### GOAL OF THE EXERCISE
In the entries below, how many lines hold the string "Nissan"? Answer with the number only.

DATA LISTING Start Marker

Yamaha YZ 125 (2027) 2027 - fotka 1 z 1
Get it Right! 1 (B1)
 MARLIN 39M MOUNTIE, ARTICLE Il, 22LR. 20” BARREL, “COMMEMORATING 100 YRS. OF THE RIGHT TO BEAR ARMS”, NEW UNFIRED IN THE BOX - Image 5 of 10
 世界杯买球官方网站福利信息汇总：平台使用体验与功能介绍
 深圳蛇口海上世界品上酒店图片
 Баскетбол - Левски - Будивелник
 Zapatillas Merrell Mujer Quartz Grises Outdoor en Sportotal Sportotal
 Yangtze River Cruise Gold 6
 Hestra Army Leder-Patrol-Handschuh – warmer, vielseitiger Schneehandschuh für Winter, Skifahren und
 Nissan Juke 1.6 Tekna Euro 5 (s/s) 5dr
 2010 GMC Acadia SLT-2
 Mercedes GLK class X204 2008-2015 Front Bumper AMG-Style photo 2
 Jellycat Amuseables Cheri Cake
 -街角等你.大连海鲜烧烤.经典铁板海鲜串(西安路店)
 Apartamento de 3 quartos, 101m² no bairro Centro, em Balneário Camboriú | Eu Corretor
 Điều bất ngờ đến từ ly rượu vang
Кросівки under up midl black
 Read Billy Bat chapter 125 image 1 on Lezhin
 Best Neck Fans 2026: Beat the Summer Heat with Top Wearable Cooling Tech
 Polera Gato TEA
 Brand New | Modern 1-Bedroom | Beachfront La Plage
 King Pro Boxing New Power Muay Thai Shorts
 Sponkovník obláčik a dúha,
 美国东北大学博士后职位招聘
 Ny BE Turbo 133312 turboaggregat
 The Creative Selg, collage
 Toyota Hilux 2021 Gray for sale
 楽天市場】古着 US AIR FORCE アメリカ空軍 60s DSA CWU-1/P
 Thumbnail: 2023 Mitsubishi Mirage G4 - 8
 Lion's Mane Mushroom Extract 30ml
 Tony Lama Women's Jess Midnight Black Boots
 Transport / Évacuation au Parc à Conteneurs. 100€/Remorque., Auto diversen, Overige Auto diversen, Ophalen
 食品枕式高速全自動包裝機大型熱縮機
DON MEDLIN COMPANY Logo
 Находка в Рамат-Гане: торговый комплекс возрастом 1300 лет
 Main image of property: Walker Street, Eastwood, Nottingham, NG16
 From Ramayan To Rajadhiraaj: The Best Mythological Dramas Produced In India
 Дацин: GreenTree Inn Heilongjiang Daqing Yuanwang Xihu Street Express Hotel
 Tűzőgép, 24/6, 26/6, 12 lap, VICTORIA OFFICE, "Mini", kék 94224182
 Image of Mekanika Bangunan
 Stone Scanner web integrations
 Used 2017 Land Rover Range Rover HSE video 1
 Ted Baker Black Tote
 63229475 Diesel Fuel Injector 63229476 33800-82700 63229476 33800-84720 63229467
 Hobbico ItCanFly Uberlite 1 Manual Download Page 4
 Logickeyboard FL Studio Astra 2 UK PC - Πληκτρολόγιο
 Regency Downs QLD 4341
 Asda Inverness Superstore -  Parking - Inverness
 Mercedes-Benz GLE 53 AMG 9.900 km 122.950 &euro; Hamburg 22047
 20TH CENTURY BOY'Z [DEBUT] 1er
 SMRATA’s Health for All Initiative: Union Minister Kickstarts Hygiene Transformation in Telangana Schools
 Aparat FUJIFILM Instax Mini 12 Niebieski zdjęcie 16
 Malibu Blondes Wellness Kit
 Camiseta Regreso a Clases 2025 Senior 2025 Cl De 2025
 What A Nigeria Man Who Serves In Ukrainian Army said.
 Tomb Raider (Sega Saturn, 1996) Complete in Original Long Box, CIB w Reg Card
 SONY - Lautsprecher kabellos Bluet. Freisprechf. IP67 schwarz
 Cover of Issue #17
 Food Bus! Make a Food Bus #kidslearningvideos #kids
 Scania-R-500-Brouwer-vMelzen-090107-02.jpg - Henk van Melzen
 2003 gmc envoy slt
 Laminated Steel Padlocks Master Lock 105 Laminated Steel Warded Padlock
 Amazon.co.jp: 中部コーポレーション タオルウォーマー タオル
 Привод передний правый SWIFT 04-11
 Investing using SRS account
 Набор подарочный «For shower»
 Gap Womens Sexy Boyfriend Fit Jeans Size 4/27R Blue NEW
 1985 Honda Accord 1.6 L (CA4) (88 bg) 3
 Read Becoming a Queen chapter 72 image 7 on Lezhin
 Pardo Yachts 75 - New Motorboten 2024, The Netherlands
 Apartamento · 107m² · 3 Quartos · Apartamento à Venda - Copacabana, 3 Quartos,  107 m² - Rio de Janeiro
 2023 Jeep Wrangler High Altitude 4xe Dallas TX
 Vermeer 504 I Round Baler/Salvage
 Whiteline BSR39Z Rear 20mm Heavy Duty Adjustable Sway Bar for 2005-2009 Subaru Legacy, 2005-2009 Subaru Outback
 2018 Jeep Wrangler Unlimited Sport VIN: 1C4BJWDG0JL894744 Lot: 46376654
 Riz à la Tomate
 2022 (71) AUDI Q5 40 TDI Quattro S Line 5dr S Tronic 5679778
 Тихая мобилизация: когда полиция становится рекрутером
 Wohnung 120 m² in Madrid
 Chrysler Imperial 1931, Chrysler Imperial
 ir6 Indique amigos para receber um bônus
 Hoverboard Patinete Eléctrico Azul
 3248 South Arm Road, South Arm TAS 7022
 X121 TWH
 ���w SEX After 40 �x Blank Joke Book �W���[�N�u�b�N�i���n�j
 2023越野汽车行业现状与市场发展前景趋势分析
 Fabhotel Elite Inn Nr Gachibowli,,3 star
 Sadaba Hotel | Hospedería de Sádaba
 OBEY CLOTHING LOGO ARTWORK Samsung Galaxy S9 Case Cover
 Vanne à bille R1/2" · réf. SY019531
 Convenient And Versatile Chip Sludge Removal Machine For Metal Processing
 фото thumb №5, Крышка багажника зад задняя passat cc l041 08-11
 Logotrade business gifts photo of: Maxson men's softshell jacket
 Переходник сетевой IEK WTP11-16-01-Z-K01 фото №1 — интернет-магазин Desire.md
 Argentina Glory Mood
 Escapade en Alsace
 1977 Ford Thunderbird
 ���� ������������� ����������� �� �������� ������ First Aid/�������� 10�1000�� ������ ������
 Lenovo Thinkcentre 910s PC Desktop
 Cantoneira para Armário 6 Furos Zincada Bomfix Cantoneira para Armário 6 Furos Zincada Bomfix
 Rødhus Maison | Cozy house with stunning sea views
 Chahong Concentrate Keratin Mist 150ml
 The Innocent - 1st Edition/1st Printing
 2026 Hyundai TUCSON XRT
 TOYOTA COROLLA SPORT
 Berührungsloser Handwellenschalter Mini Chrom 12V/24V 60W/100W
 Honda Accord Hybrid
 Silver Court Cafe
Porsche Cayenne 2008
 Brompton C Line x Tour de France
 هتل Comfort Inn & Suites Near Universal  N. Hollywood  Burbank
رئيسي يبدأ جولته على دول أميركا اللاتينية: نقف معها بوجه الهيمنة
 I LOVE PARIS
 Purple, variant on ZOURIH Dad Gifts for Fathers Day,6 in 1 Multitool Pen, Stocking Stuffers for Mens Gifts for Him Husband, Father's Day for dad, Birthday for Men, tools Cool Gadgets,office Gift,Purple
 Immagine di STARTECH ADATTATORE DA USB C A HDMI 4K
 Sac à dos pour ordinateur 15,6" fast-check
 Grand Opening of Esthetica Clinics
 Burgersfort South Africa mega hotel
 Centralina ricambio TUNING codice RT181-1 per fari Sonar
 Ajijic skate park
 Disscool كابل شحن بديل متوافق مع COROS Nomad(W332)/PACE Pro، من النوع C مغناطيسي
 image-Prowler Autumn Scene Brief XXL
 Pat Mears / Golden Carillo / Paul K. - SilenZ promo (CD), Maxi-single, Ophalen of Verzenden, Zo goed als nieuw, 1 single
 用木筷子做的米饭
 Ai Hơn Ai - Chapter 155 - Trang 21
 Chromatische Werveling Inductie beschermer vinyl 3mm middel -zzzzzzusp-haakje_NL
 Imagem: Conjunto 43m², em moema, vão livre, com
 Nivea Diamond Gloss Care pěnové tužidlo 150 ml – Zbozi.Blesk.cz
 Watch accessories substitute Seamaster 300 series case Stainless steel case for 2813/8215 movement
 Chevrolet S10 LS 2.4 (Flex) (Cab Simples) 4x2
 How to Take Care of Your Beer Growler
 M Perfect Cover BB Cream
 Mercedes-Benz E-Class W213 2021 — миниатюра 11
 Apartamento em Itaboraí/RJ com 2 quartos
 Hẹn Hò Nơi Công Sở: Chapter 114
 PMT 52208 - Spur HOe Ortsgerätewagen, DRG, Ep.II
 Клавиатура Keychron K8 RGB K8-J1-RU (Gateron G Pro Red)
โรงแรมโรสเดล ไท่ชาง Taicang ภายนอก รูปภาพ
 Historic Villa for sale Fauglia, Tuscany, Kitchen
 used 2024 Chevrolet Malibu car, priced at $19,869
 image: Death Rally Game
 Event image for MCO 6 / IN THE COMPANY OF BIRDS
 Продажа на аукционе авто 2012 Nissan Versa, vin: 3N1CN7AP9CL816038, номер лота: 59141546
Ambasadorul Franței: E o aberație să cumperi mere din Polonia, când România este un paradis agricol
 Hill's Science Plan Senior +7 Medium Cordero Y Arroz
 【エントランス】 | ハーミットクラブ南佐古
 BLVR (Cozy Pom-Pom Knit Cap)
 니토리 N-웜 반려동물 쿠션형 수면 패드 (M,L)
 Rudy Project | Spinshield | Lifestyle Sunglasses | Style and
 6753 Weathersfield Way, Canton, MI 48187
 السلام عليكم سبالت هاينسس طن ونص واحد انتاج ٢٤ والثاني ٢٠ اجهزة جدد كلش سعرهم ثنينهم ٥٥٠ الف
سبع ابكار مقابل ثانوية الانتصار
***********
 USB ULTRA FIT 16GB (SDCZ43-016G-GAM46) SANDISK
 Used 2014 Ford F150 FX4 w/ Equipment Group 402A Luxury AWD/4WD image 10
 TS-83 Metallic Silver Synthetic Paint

DATA LISTING End Marker

### EXERCISE SOLUTION
2